● Task to carry out
Return the full set of entries precisely. Do not carry over any pictures.

Image-text web data
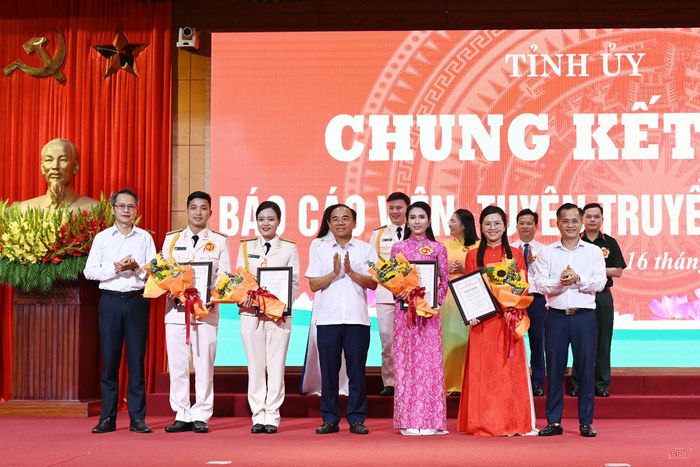 Các đồng chí trong ban giám khảo trao giải khuyến khích cho các thí sinh.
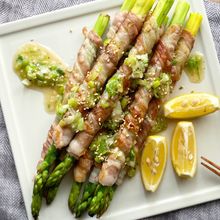 アスパラの肉巻きネギ塩ソースがけ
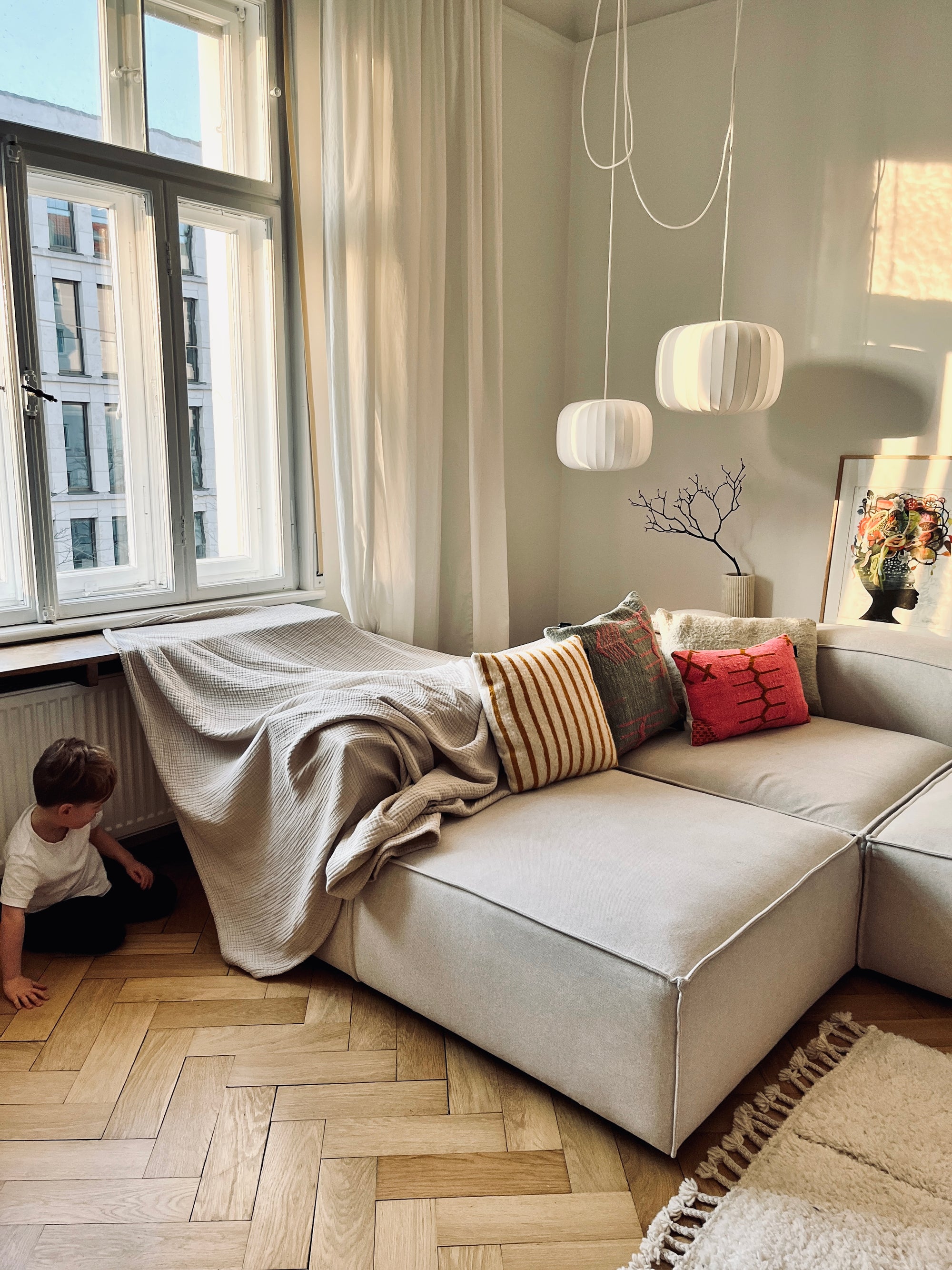 sofakissen von ley auf couch von westwing in altbauwohnung 
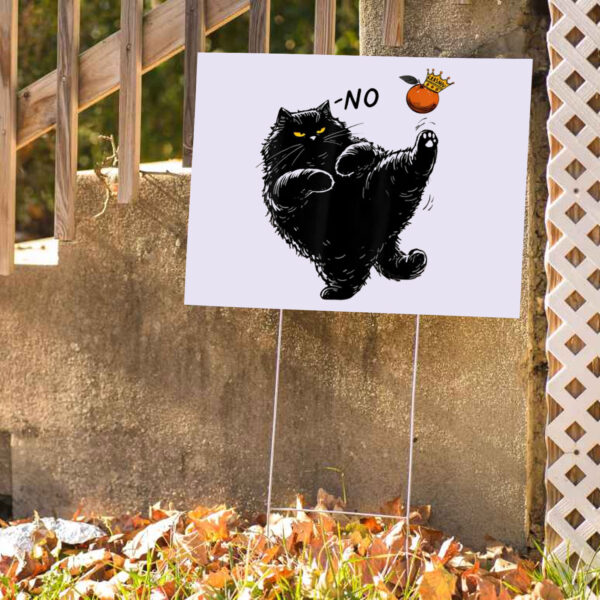 No Kings in America Black Cat 2025 Yard Sign
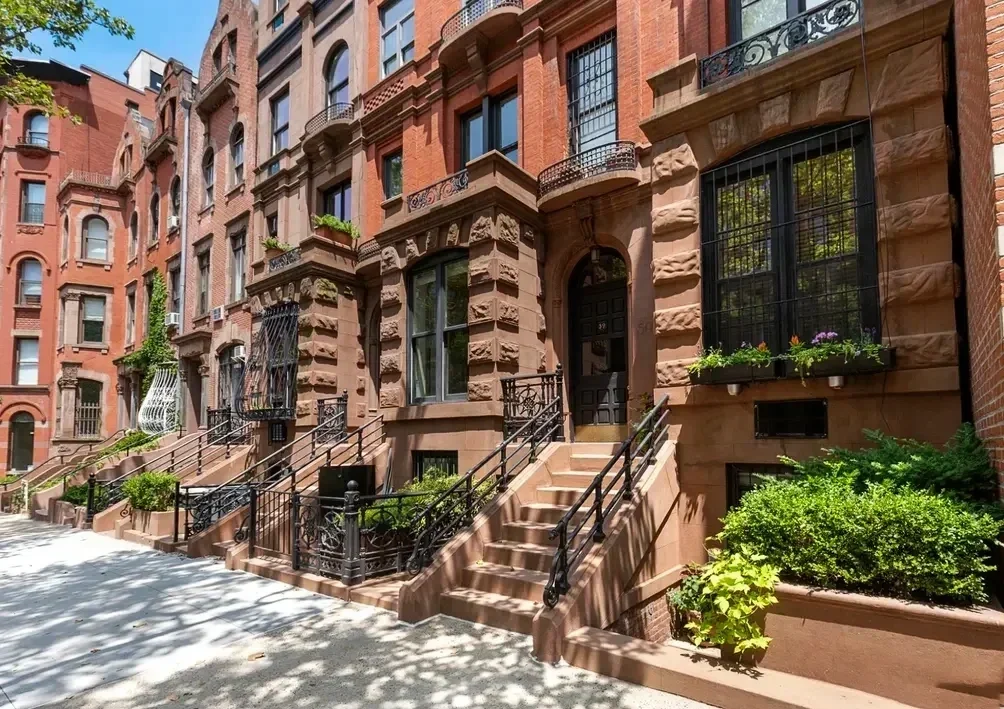 manhattan-brownstones-04.webp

● Solution to this task
 Các đồng chí trong ban giám khảo trao giải khuyến khích cho các thí sinh.
 アスパラの肉巻きネギ塩ソースがけ
 sofakissen von ley auf couch von westwing in altbauwohnung 
 No Kings in America Black Cat 2025 Yard Sign
 manhattan-brownstones-04.webp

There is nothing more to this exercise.